Expected behavior Find settings to get through all stages of fitting.

Desktop (please complete the following information):

gjcooper commented 2 years ago

Hi,

Thanks for your interest in PMwG. I'm hoping to look into this over the next few days. I have spoken to a collaborator about this issue and we have some avenues to explore - related to the likelihood free methods as implemented in that book. Will let you know soon how it goes.

gjcooper commented 2 years ago

I've looked through your code and determined a couple of fixes that seem to alleviate the problem.
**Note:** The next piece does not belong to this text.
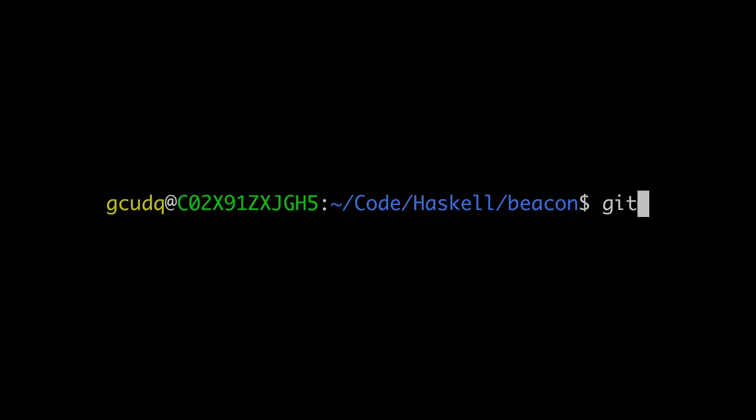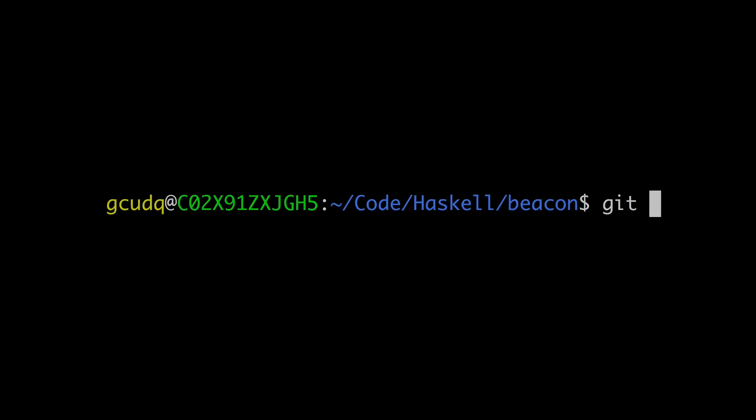For example, in bash, if we type git and press tab, bash offers us a list of all the files in the current directory. That's always how bash tries to auto-complete not the first word. However, I know of zero situations where a file name should immediately follow the git command.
As you mention, choosing the appropriate priors is important. It looks in particular like the Feat parameter should not have a prior centred around 0. I used 30 (as in your test call to log.dens.like and that helped.)

priors <- list(
  theta_mu_mean = c(0, 0, 30),
  theta_mu_var = diag(rep(1, length(pars)))
)

Additionally the start points used for initialising the sampler should also not be centred around 0 for the Feat parameter. Ideally if left out the start points should be sampled from the prior, however there is a bug in the code for PMwG that I am working on a fix for that means this is not the case. (See Issue #58)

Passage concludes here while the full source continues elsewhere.